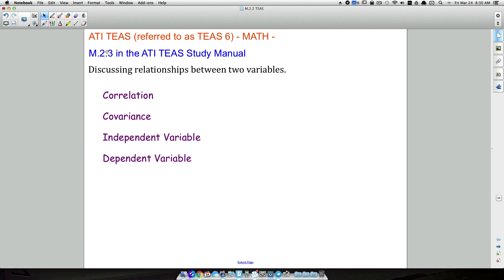That's goal M.2.3. Not a lot of number crunching here, but we did discuss correlation, covariance, independent variables, and dependent variables. That's it for this video. I hope it helped.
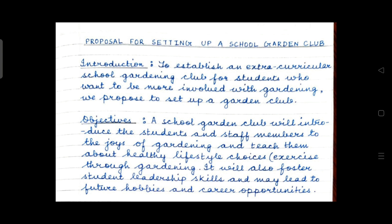After the introduction, leave a line and start writing the objectives — two objectives. You may write one objective, then change the paragraph and write the second objective, or write both in a single paragraph. Do not use bullets here. You must write two points, two objectives.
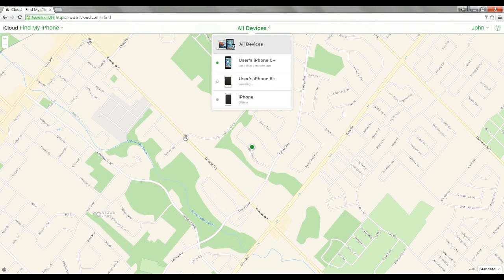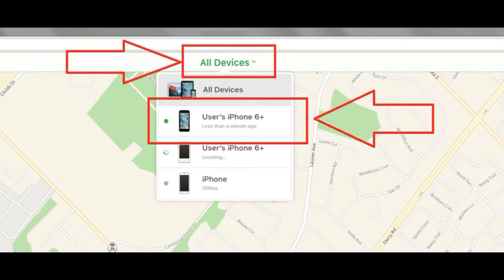However, at this time, at the top in the middle, click on the green text that says All Devices.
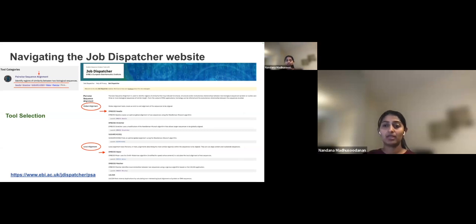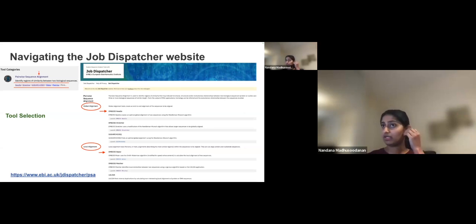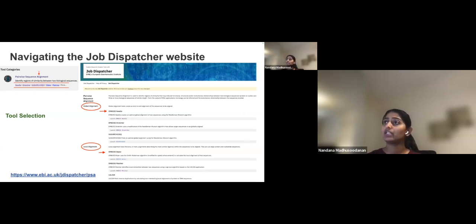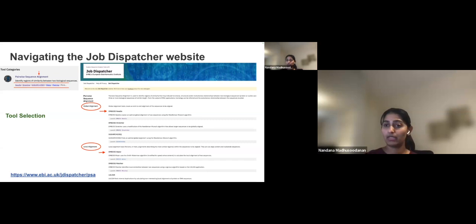This is an example of a pairwise sequence alignment tool page. It has more detailed information about what the tool does and lists the available tools. We encourage users to go through the tool category page before starting any analysis, as it will give you a better idea about which tool to use.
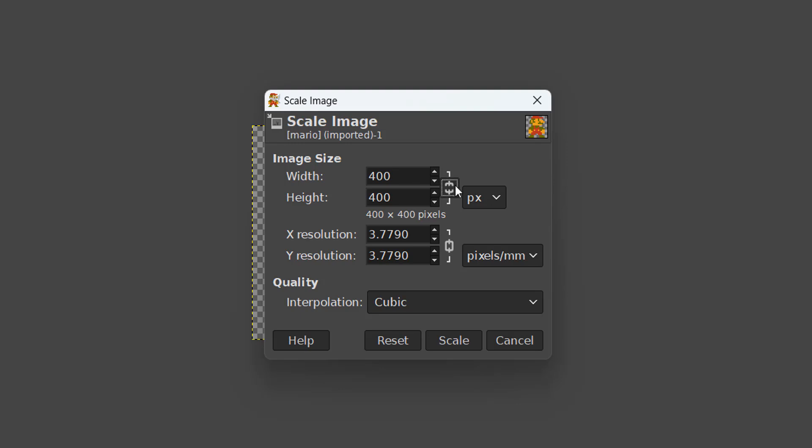If you don't have the tick then they don't update automatically. But since I want this to be the same aspect ratio, I'm going to have it ticked and we're going to do 600x600.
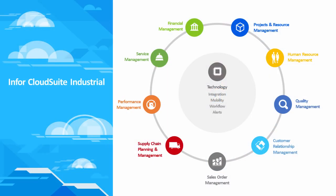From selling to sourcing, production to fulfillment, service to quality, or analytics to collaboration, Infor CloudSuite Industrial provides a complete solution with organization-wide visibility.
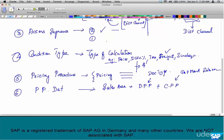You can also have different pricing procedures by business process, not just by country or sales area. By document type — OR can have a different pricing procedure, rush order can have a different one, cash sales can have a different one, contracts and scheduling agreements can all have their own. SAP is just giving us the provision to have your own pricing procedures by document, by customer, by country, by sales org.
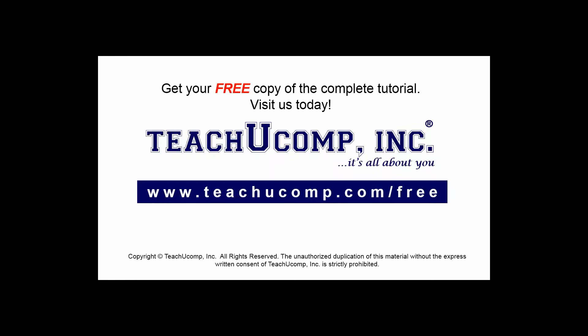Get your free copy of the complete tutorial at www.teachucomp.com forward slash free.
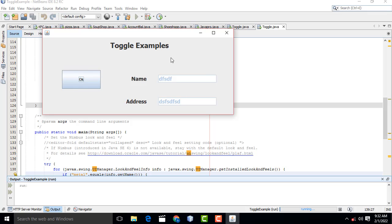I hope you guys understood the toggle example. I did two examples of toggle button. You must watch my previous tutorial as well — that tutorial covers the introduction part of toggle button. If you have any doubt, just leave a comment. Thank you for watching.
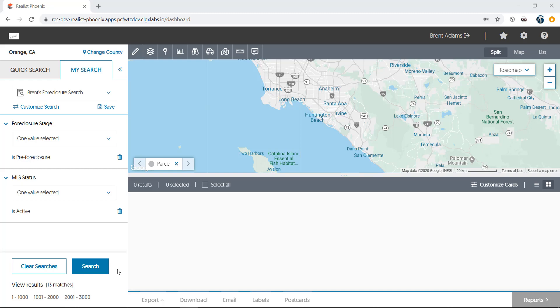Hi, and welcome to this tutorial on search results and using the list in ReList. Performing searches in ReList is easy and intuitive, and the search results returned from those searches are just as easy to navigate.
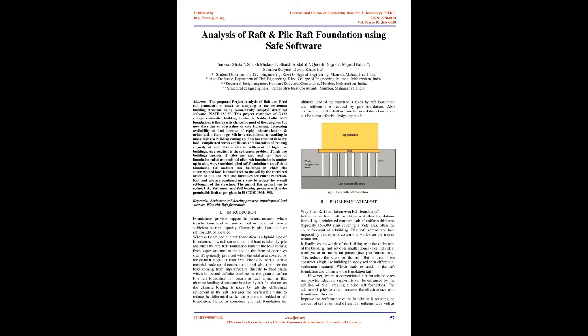Analysis of Raft and Pile Raft Foundation using SAFE Software. Abstract: The proposed project analysis of raft and piled raft foundation is based on analyzing a residential building structure using commercially adopted structural software SAFE 12.3.2. This project comprises G plus 22 stories residential building located in Noida, Delhi.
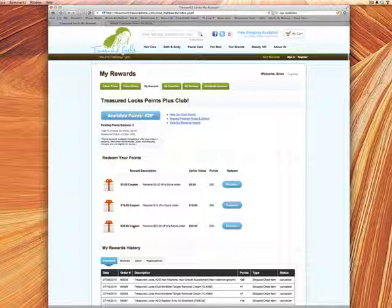Now if you don't have enough points for a certain coupon, that button will be grayed out and you can't select it. So today we're going to redeem 300 points for a $10 coupon. So we'll click on redeem.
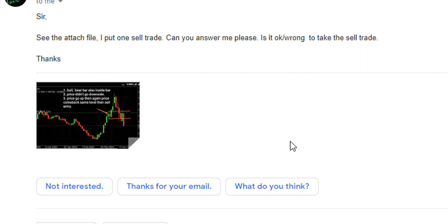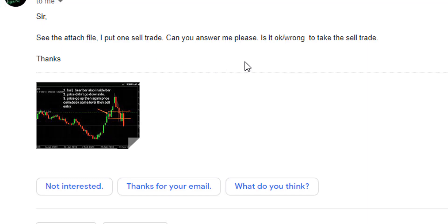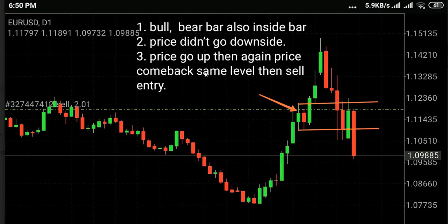Thank you for watching. Here is a question — see the attached file. I put one sell trade, can you answer me please? Is it okay or wrong to take the sell trade? Here is your attached chart.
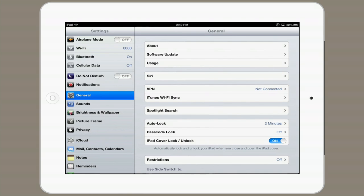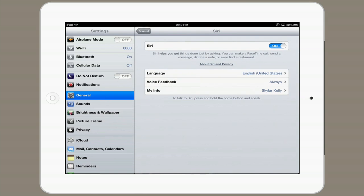General, Siri, and on. You can change the language, you can change voice feedback, and you can even change your info.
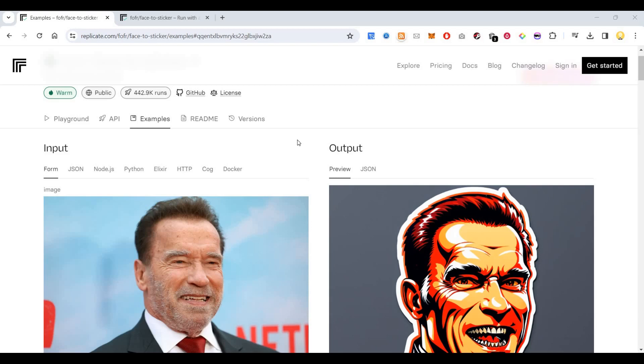Hello everyone. Today I will show you one website using which you can create AI generated stickers from your photo. The website is called replicate.com.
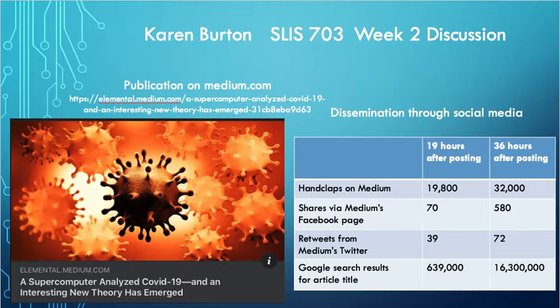My name is Karen Burton, and this is my Week 2 discussion for SLIS 703, Reference and Instruction, with Dr. Tu Kieffner. I chose to focus on the publication and dissemination part of the knowledge lifecycle covered in this week's lecture.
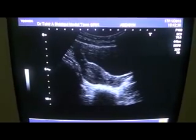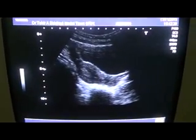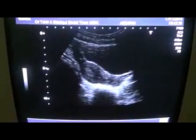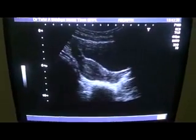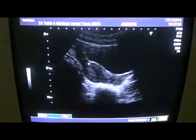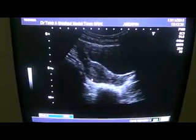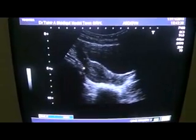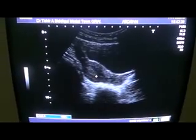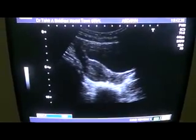This is a frozen section of normal pelvis of a young female, and this is the uterus in a coronal section. This is the fundus of the uterus. This is the endometrial canal and this is the cervix.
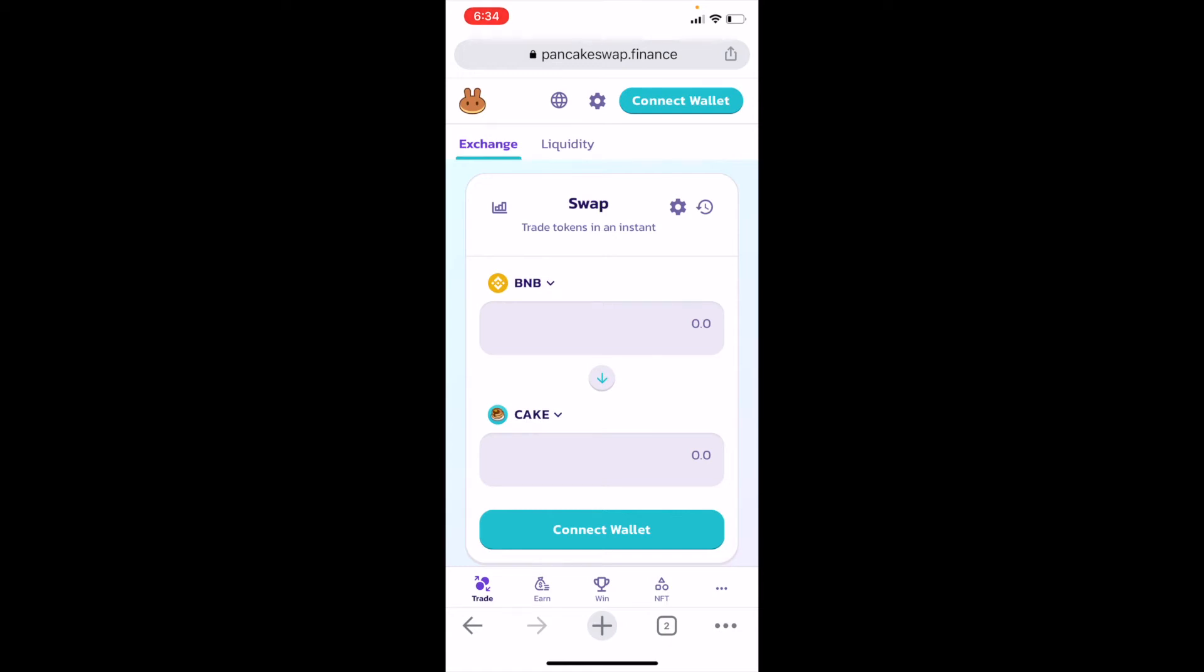Hey friends, in this quick tutorial, I'm going to show you how to connect your Trust Wallet to PancakeSwap on your iPhone. It's actually pretty easy. Let's get to it right now.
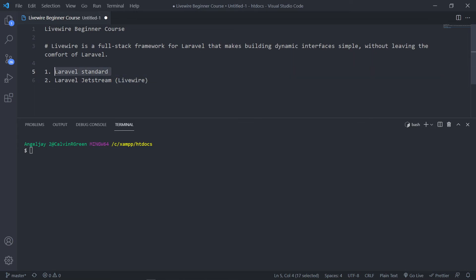Now the next thing is I'm going to install the standard version of Laravel, and then I want to show you how to install Livewire on the standard version. So I'm going to create a new Laravel project — Laravel new, and I'm going to call this one 'standard'. I'll quickly install it and see you afterwards.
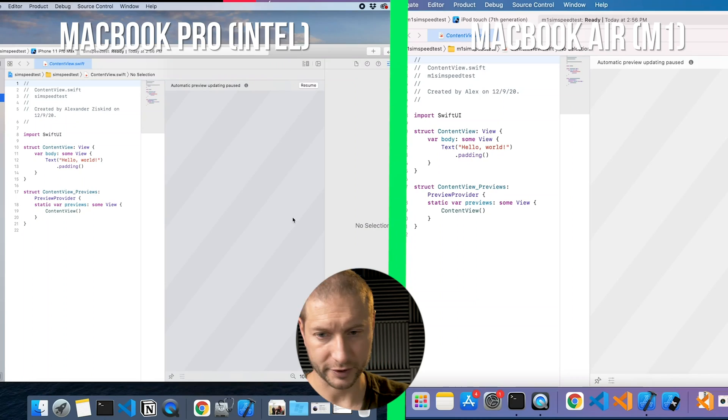Somebody did ask on the channel whether this is still Intel software running through Rosetta on the new M1 chip. It's Apple software — it's Xcode. Is it running on Rosetta? I actually don't know that. If you know the answer, let me know down in the comments. Both of these are ready now.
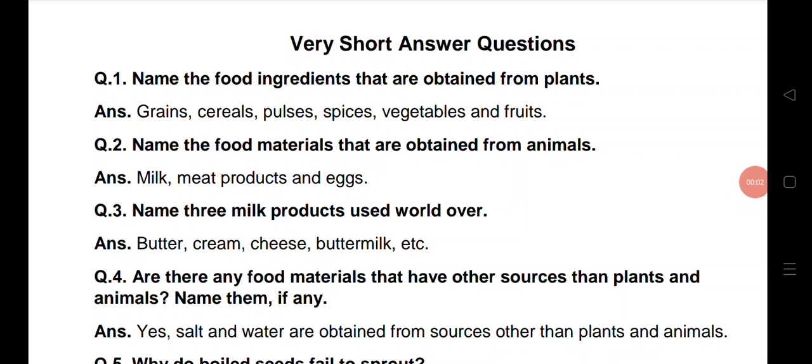Hello my dear students, welcome you all to my YouTube channel M. Ahamad Study Circle. Aaj kes video me ham class 6 NCRT science se chapter number 1, Food: Where Does It Come From ke sare very short question answers ko karne waale hai. Let's go.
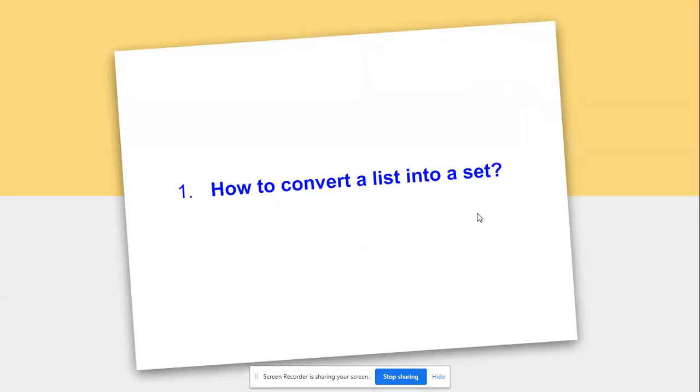Let's move on to our first question: how to convert a list into a set? We can classify what is a list.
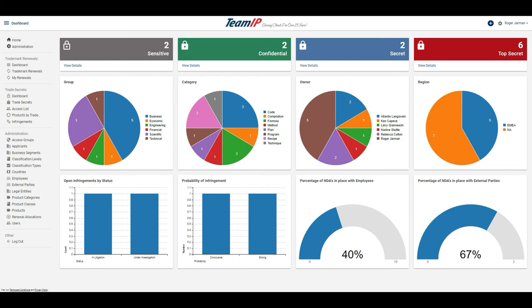It also shows the status of any open infringements on these trade secrets, as well as the probability of future infringements. It also shows the percentage of internal and external parties who have NDAs in place with regard to the trade secrets.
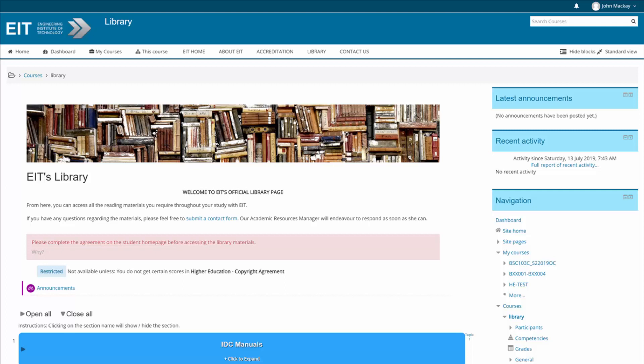In this tutorial I will go over the simple process of accessing all of EIT's library materials. Instructions for each resource available to you will then be situated on the library course page.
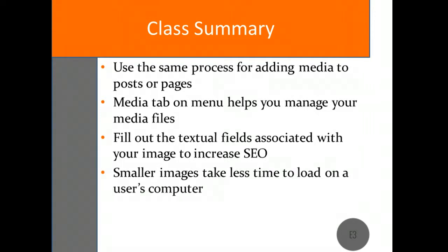Remember, smaller images have shorter load times for users visiting your site. That's it for today's class. Thanks for watching on behalf of E3 and stay tuned for the next class in the series.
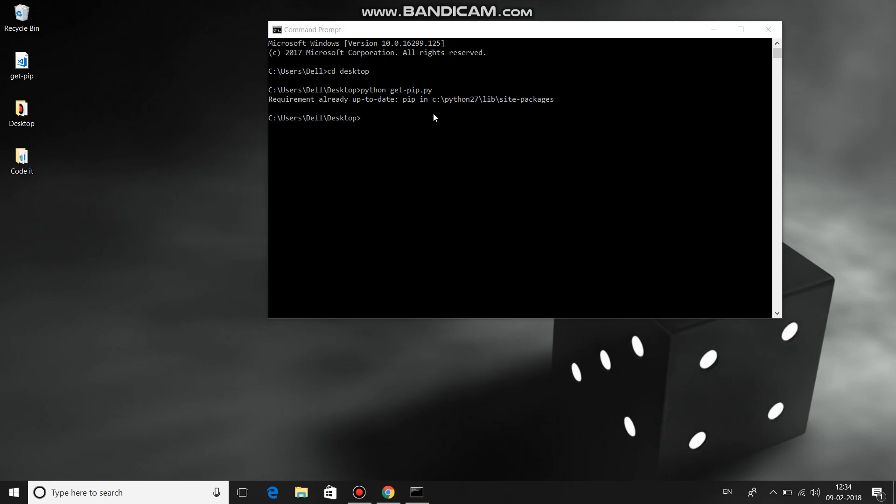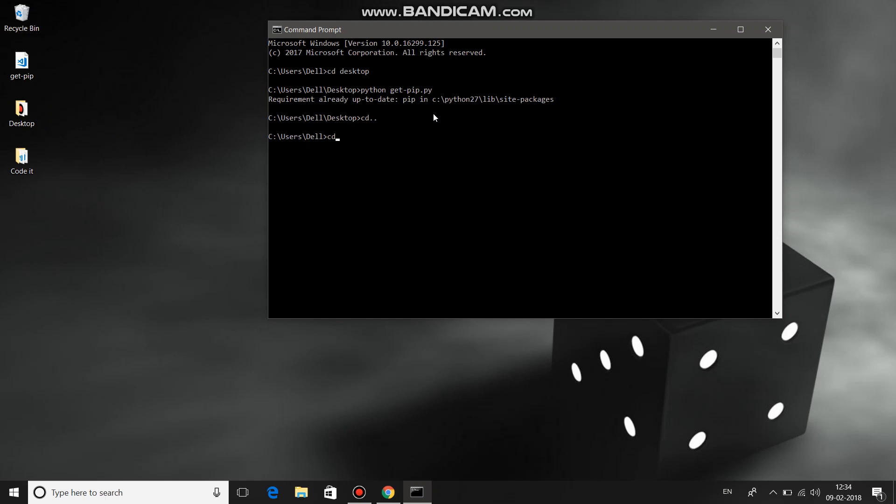Once you have pip installed, redirect to your Python directory where Python is installed, then go to the scripts folder.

What is expected: Write out an exact copy of the listing, first line through the line containing "From selling to", with the pictures left out.

The completed task:
That's goal M.2.3. Not a lot of number crunching here, but we did discuss correlation, covariance, independent variables, and dependent variables. That's it for this video. I hope it helped.
After the introduction, leave a line and start writing the objectives — two objectives. You may write one objective, then change the paragraph and write the second objective, or write both in a single paragraph. Do not use bullets here. You must write two points, two objectives.
However, at this time, at the top in the middle, click on the green text that says All Devices.
This is an example of a pairwise sequence alignment tool page. It has more detailed information about what the tool does and lists the available tools. We encourage users to go through the tool category page before starting any analysis, as it will give you a better idea about which tool to use.
If you don't have the tick then they don't update automatically. But since I want this to be the same aspect ratio, I'm going to have it ticked and we're going to do 600x600.
From selling to sourcing, production to fulfillment, service to quality, or analytics to collaboration, Infor CloudSuite Industrial provides a complete solution with organization-wide visibility.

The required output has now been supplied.